Arriving at the tail end of a story about her neighbour, the above excerpt captures how Mol’s confessional style keeps her readers hooked. And I’ve Been Thinking Dangerously is surprising, a tad unstable and wholly deserving of its title.

In the spring of 2010 I contributed my first article to UnFolding, an Ottawa area magazine-cum-website that sent (and actually paid!) me to review a poetry workshop. Facilitated by Sandra Ridley, whose Rest Cure had just recently launched, the class covered structural choices, balancing the figurative and literal, being cryptic versus being clear, as well as advice for prepping one’s work for publication. Yes, I still have the handouts.

So I’d brought a few poems that, naturally, I thought were great. When it was my turn to read a working draft of choice, the experience was… deflating. Turns out I’d never read those poems aloud and, in doing so, spotted how clichéd and rhyme-dependent they sounded. Afterwards I remarked as much to Ridley, who consoled me by saying “rhymes are coming back”.

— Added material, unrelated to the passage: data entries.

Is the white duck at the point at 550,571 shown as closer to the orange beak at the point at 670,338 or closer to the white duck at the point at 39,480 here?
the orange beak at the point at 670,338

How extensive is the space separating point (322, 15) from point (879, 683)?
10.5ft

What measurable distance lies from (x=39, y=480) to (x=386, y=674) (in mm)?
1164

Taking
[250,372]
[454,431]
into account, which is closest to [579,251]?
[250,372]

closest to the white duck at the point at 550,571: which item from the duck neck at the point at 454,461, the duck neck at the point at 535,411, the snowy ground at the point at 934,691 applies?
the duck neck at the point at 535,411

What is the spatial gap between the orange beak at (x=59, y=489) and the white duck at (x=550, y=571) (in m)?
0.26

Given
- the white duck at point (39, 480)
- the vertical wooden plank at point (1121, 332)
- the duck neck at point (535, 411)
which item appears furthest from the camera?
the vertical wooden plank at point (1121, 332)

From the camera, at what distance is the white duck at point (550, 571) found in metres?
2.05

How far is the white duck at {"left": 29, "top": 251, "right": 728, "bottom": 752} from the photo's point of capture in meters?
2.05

I mention that story because Rest Cure feels surgically divorced from her warm character and comprehensive notes. Fractured and sometimes nightmarish, Ridley gives a cautionary tale of lust, centered on a female protagonist whose yearning is subjected to repeated atrophies. Excerpt:

Tremors in her pulse as she is laid out again :
his hands pulling until she is lying along the length of it
& she is looking at a light, a light, a light & nothing is happening above her
& yesterday was lamb’s wool under her walking shirt
& wasn’t it or weren’t they
& didn’t she hold a piece of him when she came here
before she slipped listless & antiseptic.


Obsidian with mother-of-pearl.

It’s a fairly fatalistic text to revisit. Still, with her line breaks, which in some cases create large swathes of space, interrupting the consciousness of her narrative, Ridley’s poems take on full-bodied, romantic aching, only to be dissected with the most clinical language. I always find it a good challenge.

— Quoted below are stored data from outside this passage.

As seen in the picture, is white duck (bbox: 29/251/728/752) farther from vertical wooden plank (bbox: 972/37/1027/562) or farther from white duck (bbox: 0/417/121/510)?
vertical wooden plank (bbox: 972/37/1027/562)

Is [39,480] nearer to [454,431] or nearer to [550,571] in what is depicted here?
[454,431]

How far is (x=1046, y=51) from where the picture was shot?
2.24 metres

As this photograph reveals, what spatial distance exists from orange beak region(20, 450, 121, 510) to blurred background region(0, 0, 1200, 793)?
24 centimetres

Sorting these titles back into place, I recognize that these bookshelf check-ups are less about managing space than soaking up the words I live with. Besides easing the buyer’s guilt attached to getting new books when you still have unread ones waiting at home, this practice keeps me grounded. The better familiar I am with the complexities of each rarely seen spine, the more likely my bookshelf will thrive with titles that widen my comfort zone. 

The motivation behind collecting – anything, really – can be likened to filling a blank horizon with inspired muses; the desire to create a richer lens to look at life through. Hopefully I'll find some spare time to share more of these older titles as the weather cools. I owe them as much.